The paintings reproduced in this book are not reserved or lacking in empathy. They are exemplary in engaging responses in ways many have forgotten and deign to call photographic.
Freud does not identify his sitters very frequently. Baron Hans Heinrich Thyssen-Bornemisza is mainly recognisable because he is adjacent to a Watteau that has been historically associated with his family. Freud avoids an anecdotal response to his sitters; he does not portray their social condition, rather it is their human appearance. It is purely coincidental that he has chosen his artist friends, his neighbours, his chance acquaintances as subjects. One feels that he can turn his head anywhere inside his studio and find a subject to tell secrets about the world.

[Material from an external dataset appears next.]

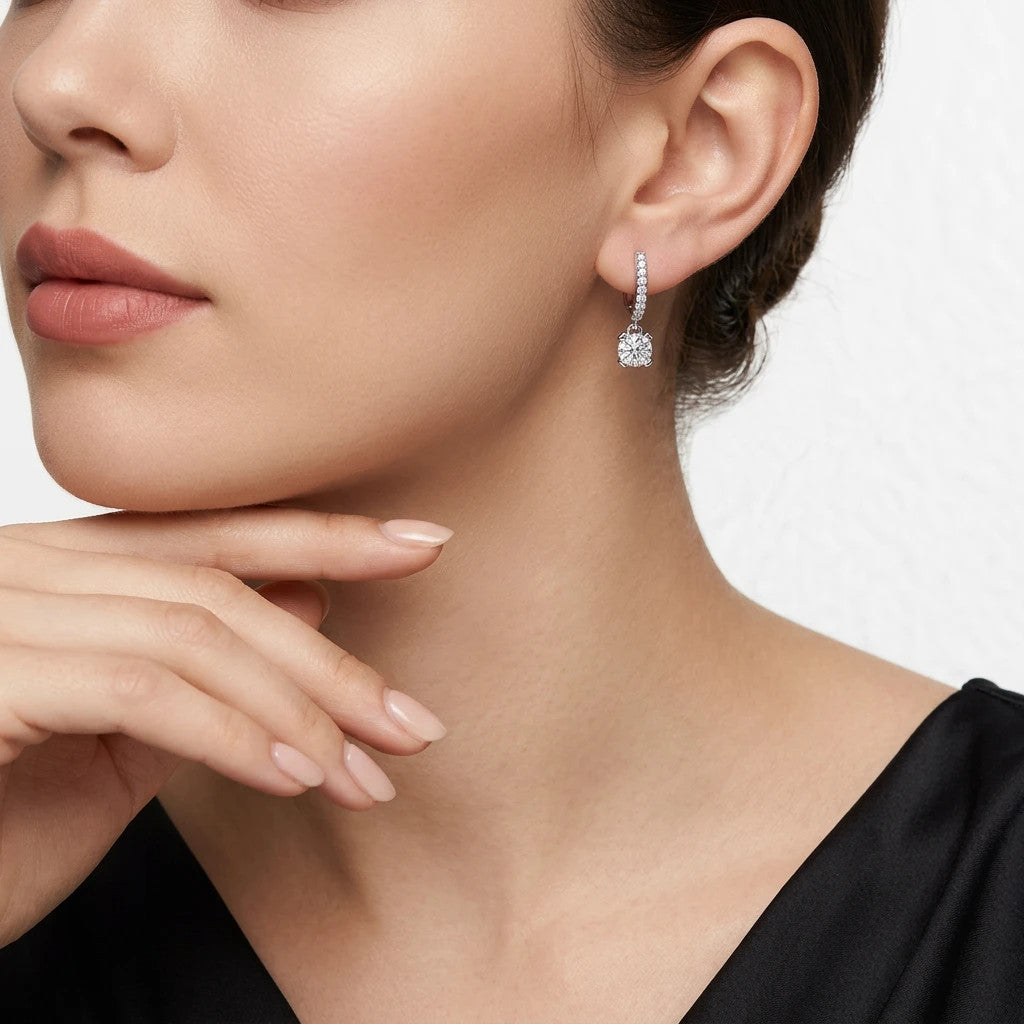 Altalena 0.5 Carat Moissanite Drop Huggie Earrings in Sterling Silver, shown worn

Herbert Read asked himself 'What are we to say about Lucian Freud?' And answered: 'Freud is the Ingres of Existentialism'. Gowing adds '. . . it is nevertheless the best comment on Freud to this day'. The pictures in this book (177 plates and 11 illustrations in 231 pages) allow one to evaluate Read's statement, which key-notes the tonal nature of Freud's drawing: his obsession with figurative realism; and his vision tuned to a light-wave level of physical scrutiny.
oil on canvas, 241 x 191 mm.
Gowing at times doubts what it is possible to say about an artist whose three portraits of the Duchess of Devonshire are the greatest paintings regarding human ageing this century. They are the climax of a painting tradition beginning with Rembrandt's self-portraits. Only Francis Bacon has sustained such painting in the search for a figure. For Freud enlarges the close-up, in an often smaller than life-size format, into human proportions.

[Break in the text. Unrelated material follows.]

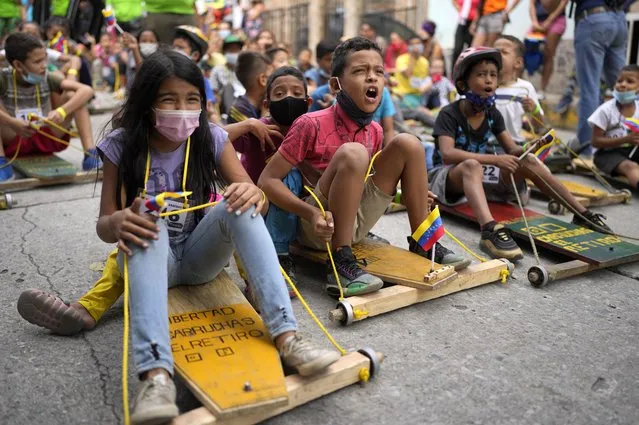 Children enjoy and participate in a traditional street race of “carruchas”, the name for makeshift wooden cars in Caracas, Venezuela, Saturday, December 18, 2021. Children enjoyed the race marking 10 years of persevering this tradition. (Photo by Ariana Cubillos/AP Photo)
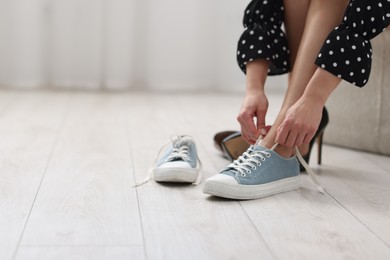 Photo of Woman changing shoes at home, closeup. Space for text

'Noble' is a word for Freud's painting. Cowing says: 'Painting and its models are very lasting. They are for the ages, perpetual and unbetrayed'. The politics of living flesh is another description for Freud's method with paint. He identifies that which is ordinary in paint; and that which is influential inside humanist observation. One cannot explain his position clearly. His father, Ernest Freud, was an architect who encouraged his son to draw when they lived in Berlin during 1930. His grandfather, Sigmund Freud, also encouraged him to be an artist. If one wants to place the antecedents of Freud's style, then it has to be in the work of Rembrandt and the Neue Sachlickeit movement in Berlin: George Grosz, Christian Schad and Maria Davringhausen - all artists who wanted the problem-solving of a portrait to be not in its technique but in its physical effect on experience.
Freud quotes Eliot to Gowing ' ". . The more perfect the artist, the more completely separate in him will be the man (sic) who suffers and the mind which creates" . It really makes clear that art is a sort of filter.' To look at this book is to test that statement with a gift of pictures which give heart.